Gross v. Sessinghause & Ostergaard, Inc.

584 A.2d 1313 | Md. Ct. Spec. App. | 1991

JAMES S. GETTY, Judge, Specially Assigned.

The single issue presented in this appeal is whether the Circuit Court for Calvert County (Briscoe, J.), in a de novo hearing, correctly calculated the average weekly wage of Irving R. Gross, the appellant herein, who was injured in the course of his employment with Sessinghause & Ostergaard, Inc., the appellee. We shall affirm the judgment entered by the circuit court.

*729 Background

The appellant worked as a construction laborer for two years prior to June 6, 1984, on which date he sustained serious injuries when a tunnel collapsed in the area where he was working. Appellant filed a claim for benefits with the Worker’s Compensation Commission, stating that he earned $11.00 per hour. The Commission, without a hearing, passed an award based upon an average weekly wage of $440.00. Apparently, the Commission used the hourly rate on the claim form multiplied by forty hours per week.

The issue of average weekly wage came before the Commission in November, 1987. At that time, appellant submitted a W-2 form for 1983 establishing gross earnings of $20,823.25, which reflects an average weekly wage over 52 weeks of $400.45. The appellee submitted a wage statement for the thirteen week period prior to the injury which indicates an average weekly wage of $282.20. Subsequent to that hearing, the Commission passed an order establishing the average weekly wage to be $400.00, prompting an appeal by the appellee herein to the circuit court.

In November, 1989, the circuit court held a de novo hearing on the average weekly wage issue. Testimony on that issue was presented for the first time and appellant stated that he worked full-time for the appellee while other employees were, on occasion, laid off. In 1983, appellant worked 48 weeks. He also worked the 13 weeks before he was injured.

The court found that the Commission gave no reason for using the prior year’s wages in establishing the average weekly wage, rather than using the thirteen-week period set forth in Commission Rule .05 (COMAR sec. 14.09.01.05). Concluding that the Commission does not have “total and complete open-ended authority to just go back to whatever it feels comfortable with and give the claimant what they feel he deserves,” the court established the average weekly wage using the thirteen-week period preceding the injury.

*730 Discussion

Article 101, sec. 67(8), McLCode Ann., provides:

(8) “Average weekly wages” for the purpose of this article shall be taken to mean the average weekly wages earned by an employee when working full time, and shall include tips and the reasonable value of board, rent, housing, lodging or similar advantages received from an employer, and if any employee shall receive wages paid in part by his employer and in part by the United States under any veterans’ benefit law enacted by Congress, the term “average weekly wages” shall mean the total average weekly wages from both sources earned by such an employee when working full time.

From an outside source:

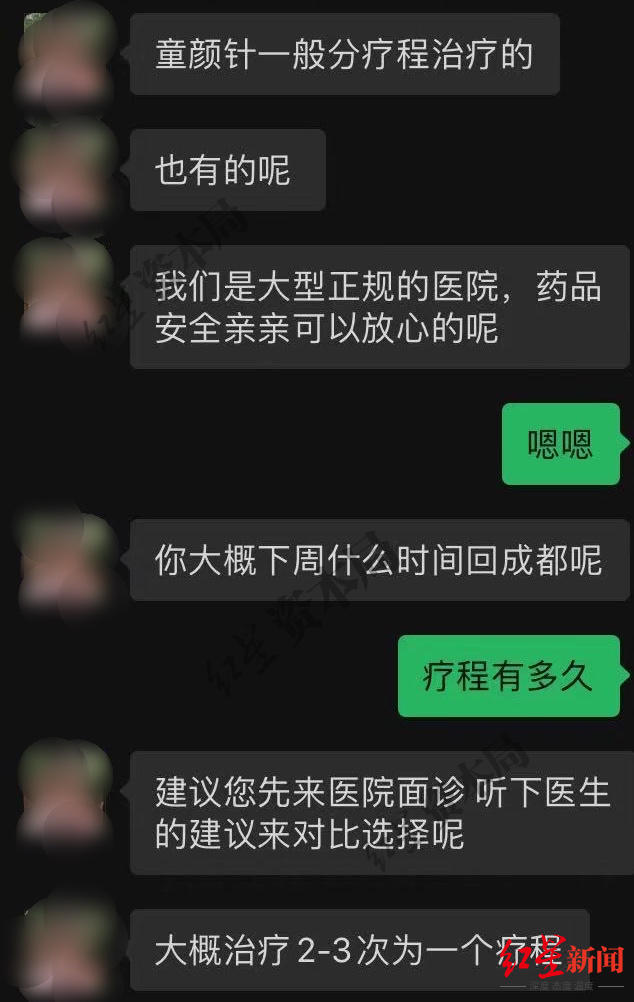 童颜针是真的假的,童颜针为什么不合法
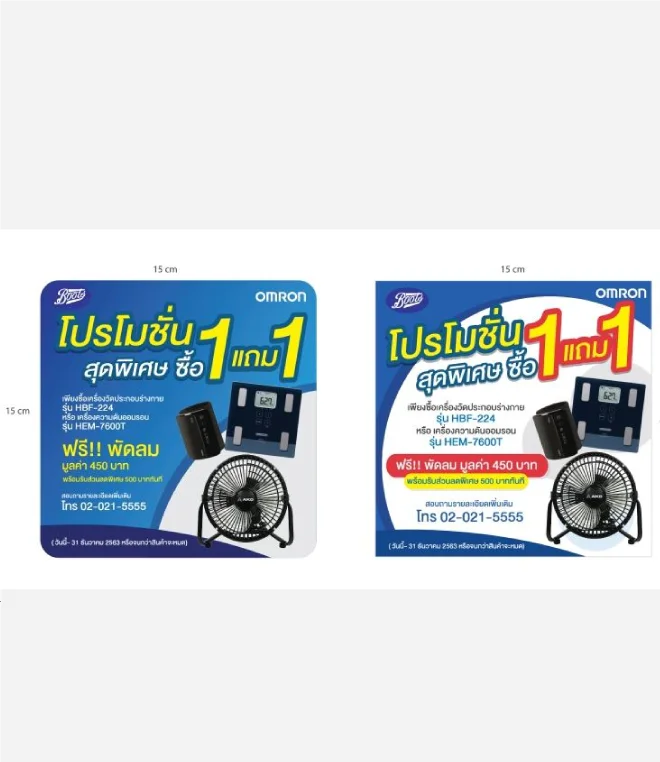 ผลงานการออกแบบ ตัวอย่างที่ 364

The method of computation of such wages is promulgated pursuant to rules adopted by the Worker’s Compensation Commission. Authority for the adoption of procedural rules is set forth in Article 101, sec. 10, which provides:

Subject to the provisions of this article, the Workmen’s Compensation Commission shall adopt reasonable and proper rules to govern its procedure, which procedure shall be as summary and simple as reasonably may be. It shall regulate and provide for the kind and character of notices and the services thereof, and in cases of injury by accident to employees, the nature and extent of the proofs and evidence and the method of taking and furnishing the same for the establishment of the rights to compensation. It shall determine the nature and forms of application of those claiming to be entitled to benefits or compensation, and shall regulate the method of making investigations, physical examinations and inspections and prescribe the time within which adjudications and awards shall be made, provided, always, that all such rules and regulations shall conform to the provisions of this article.

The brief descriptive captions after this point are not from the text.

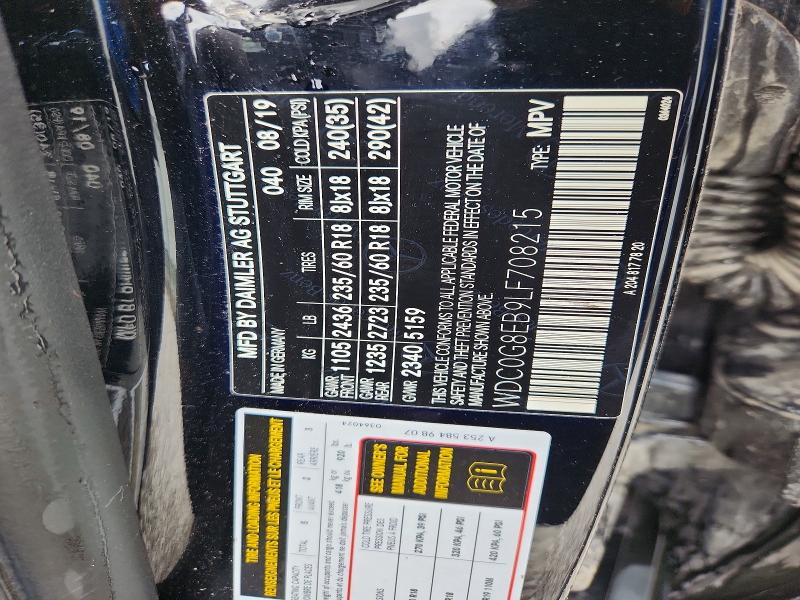 Aukcja sprzedaży 2020 Mercedes-benz Glc, vin: WDC0G8EB9LF708215, numer aukcji: 62077396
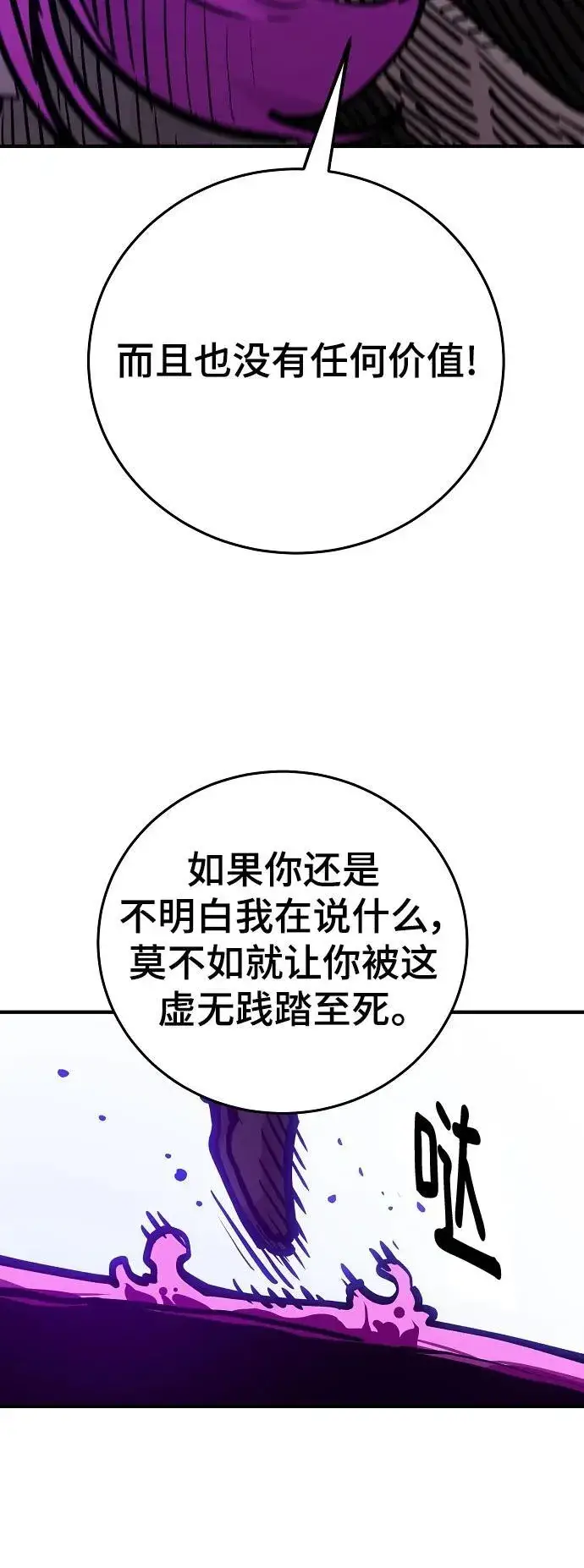 《被迫成为玩家》第165话图42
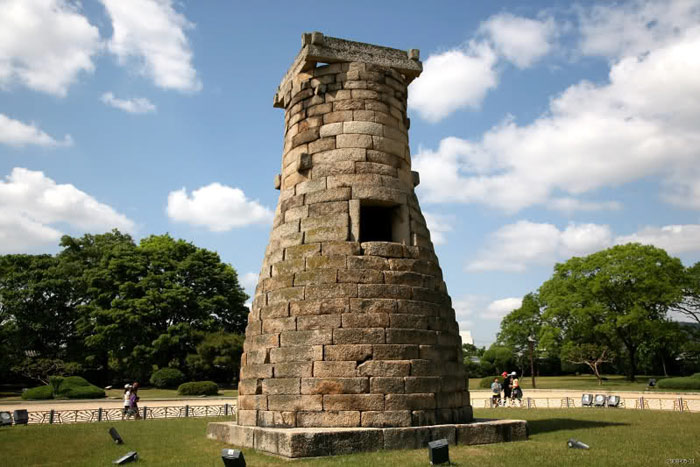 Khu di tích lịch sử Gyeongju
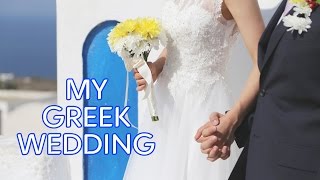 그리스 산토리니 여행  나의 그리스식 웨딩 Santorini Wedding My Greek wedding [upl. by Past]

Commission Rule .05 (COMAR sec. 10.09.01.05) sets forth the procedural steps in determining average weekly wage, to-wit:

*731A. Average weekly wage shall be determined from gross wages, including overtime, and will be determined by the Commission based on the information in the Commission file before the hearing.
B. Notwithstanding § A, unless otherwise ordered after the hearing, compensation payments shall be made based on: (1) The average wage earned by the employee during the 13 weeks before the accident; (2) Those weeks the employee actually worked during the period; (3) Those items set forth in Article 101, § 7(8), Annotated Code of Maryland.
C. Periods of involuntary lay-off, or involuntary authorized absence are not included in the 13 weeks. However, any vacation wages paid shall be included in computing average weekly wage.
D. If payments are made at a rate other than tha' determined by the Commission in its initial award, the carrier, self-insurer, or State Accident Fund, within 60 days of the date of the initial award shall file with the Commission the basis on which the payments were made and shall serve a copy on the claimant or his attorney of record if represented. (Emphasis supplied.)

The above Rule was adopted by the Commission and became effective July 1, 1983.

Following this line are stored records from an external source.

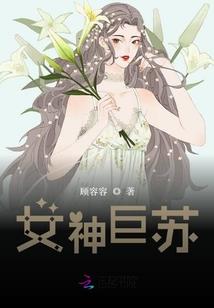 仙之道传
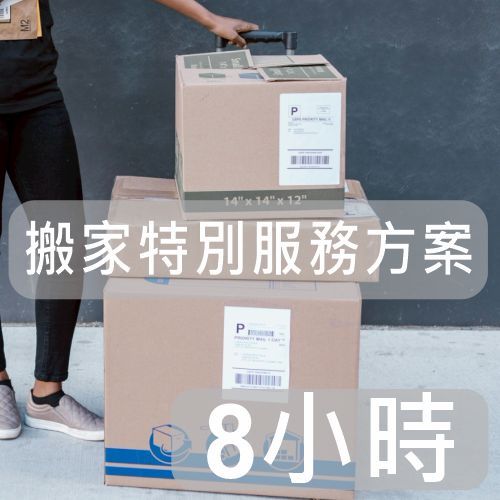 【搬家特別服務方案】(8小時)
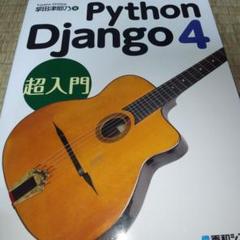 Python Django 4 超入門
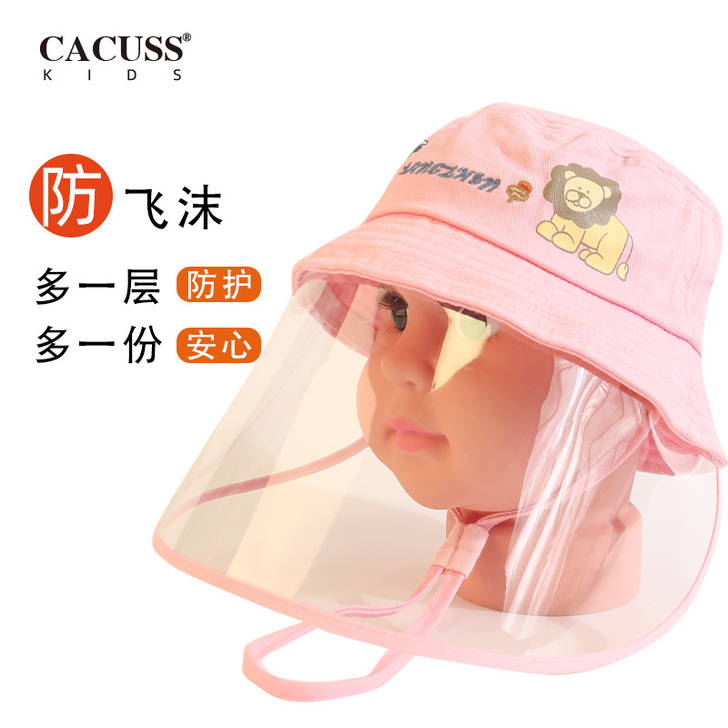 cacuss kids 帽子，全新，家里帽...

In Stevenson v. Hill, 171 Md. 572, 189 A. 910 (1937), the Court of Appeals succinctly set forth that the worker’s compensation system has as its foundation a correlation between compensation paid and the amounts paid to workers according to payrolls. The actual earnings furnish the basis of calculating the fund necessary to cover the compensation which is accumulated by insurance with an insurance carrier, the State Accident Fund, or by self-insurance. See Stevenson, at 576-77, 189 A. 910.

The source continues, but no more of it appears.